THE DATA:
--- START ---

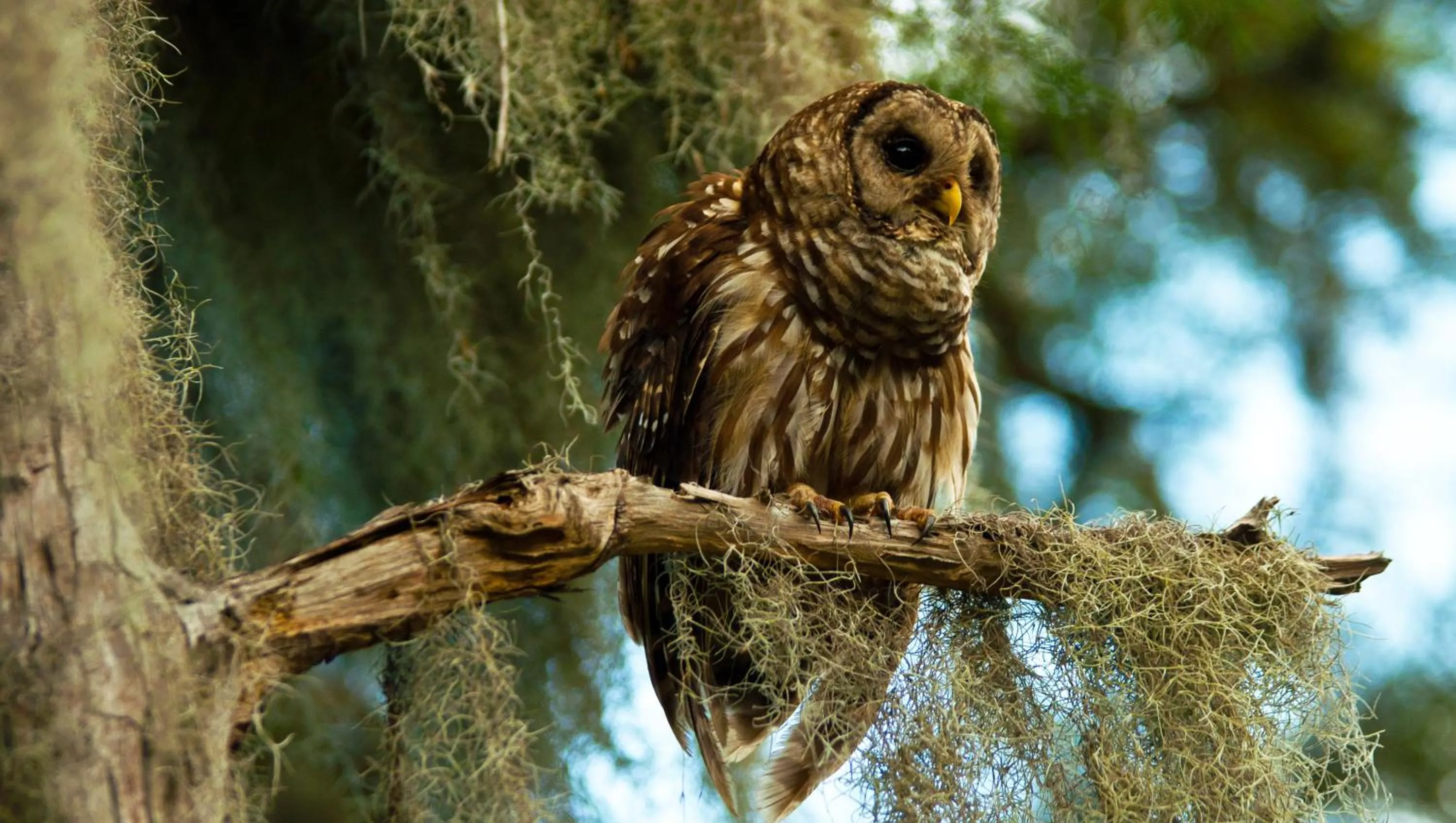 Nearby landmark in Mayfair Inn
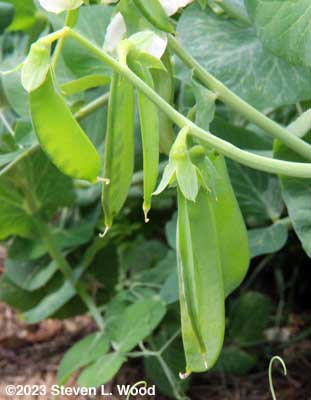 Eclipse pea pods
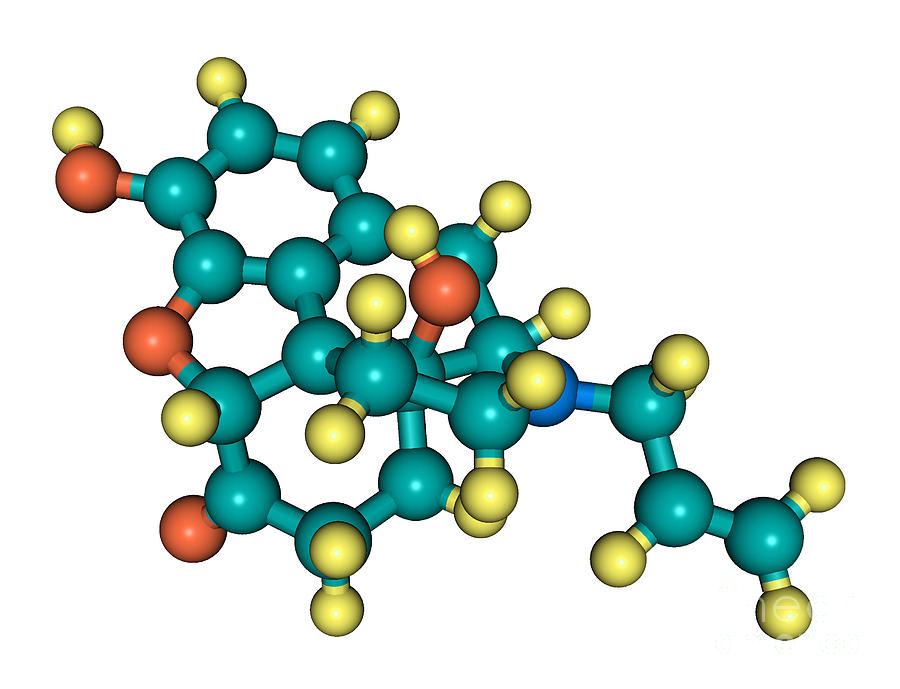 Naloxone, Molecular Model #1 Photograph by Scimat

--- END ---

EXERCISE GOAL: Print exactly the span of lines that begins with the line containing "Eclipse pea pods" and ends with the last line of the listing, with no pictures.

RESULT FOR THIS TASK:
 Eclipse pea pods
 Naloxone, Molecular Model #1 Photograph by Scimat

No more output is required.